Write out the entire listing below exactly as it appears, minus any pictures.

### DATA EXTRACT
▼

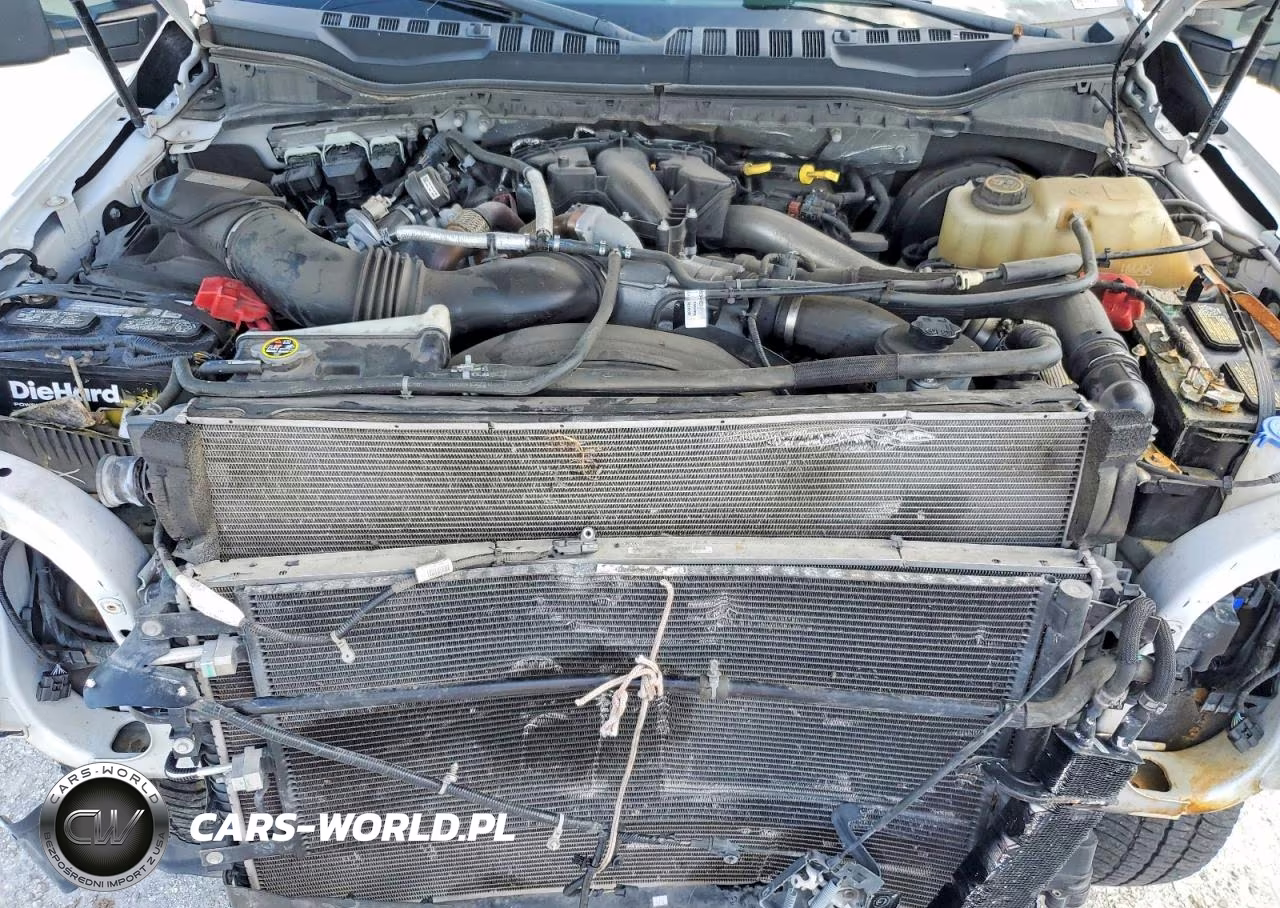 2019 Ford F350 Super Duty VIN:1FT8W3BT3KEE18472 - 7
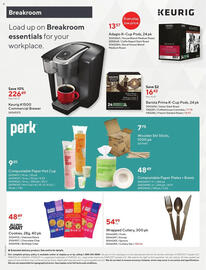 Staples flyer Page 17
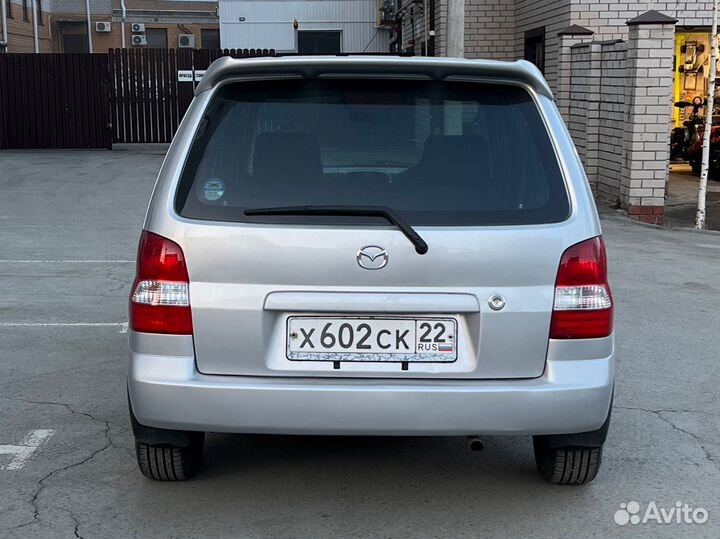 Mazda Demio 2001 года в рассрочку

▲

### EXERCISE OUTPUT
 2019 Ford F350 Super Duty VIN:1FT8W3BT3KEE18472 - 7
 Staples flyer Page 17
 Mazda Demio 2001 года в рассрочку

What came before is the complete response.